Virtual currencies although being a digital currency, must be distinguished from electronic money (e-money), which is another type of digital currency. The latter is defined by Directive 2009/110/EC  as being electronically, including magnetically, stored monetary value as represented by a claim on the issuer which is issued on receipt of funds for the purpose of making payment transactions and which is accepted by both natural or legal persons other than the electronic money issuer. At a glance, this definition may be applied to virtual currencies, as some of the features of and activities performed by virtual currencies, do fall within the remit of the above cited EU Directive. However, the distinction lies within the fact that unlike e-money, virtual currency is not a fiat currency. When a currency is said to be a ‘fiat’, it essentially means that it would have been issued by a public authority or central bank and can either be physical or in digital form. The characteristics that distinguish virtual currency from a ‘fiat’ is firstly, that its value is not fixed in a fiat currency and also, that it is not necessarily fixed to be redeemed at par value by an issuer.

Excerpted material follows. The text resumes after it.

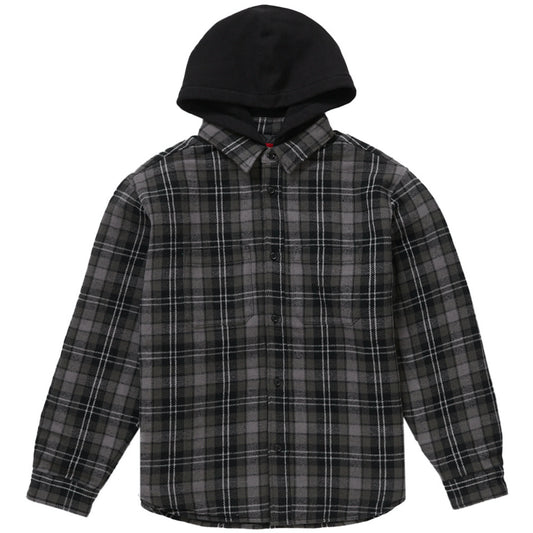 Supreme Tartan Black Flannel Hoodie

Certain virtual currencies and activities in relation to such currencies may be subject to existing financial services legislation, whilst others may not fall within the scope of existing legal frameworks, rendering them to be unregulated. This results in lack of investor protection and financial stability. In this scenario, the Malta Financial Services Authority is proposing for the Maltese legislator to formulate an Act of Parliament that would seek the regularisation of those virtual currencies not falling within the scope of the current legislative framework. In light of this the MFSA is of the idea that such a framework would act ancillary to existing legislation, both on a national and EU level, whilst ensuring continuous technological advancement and innovation.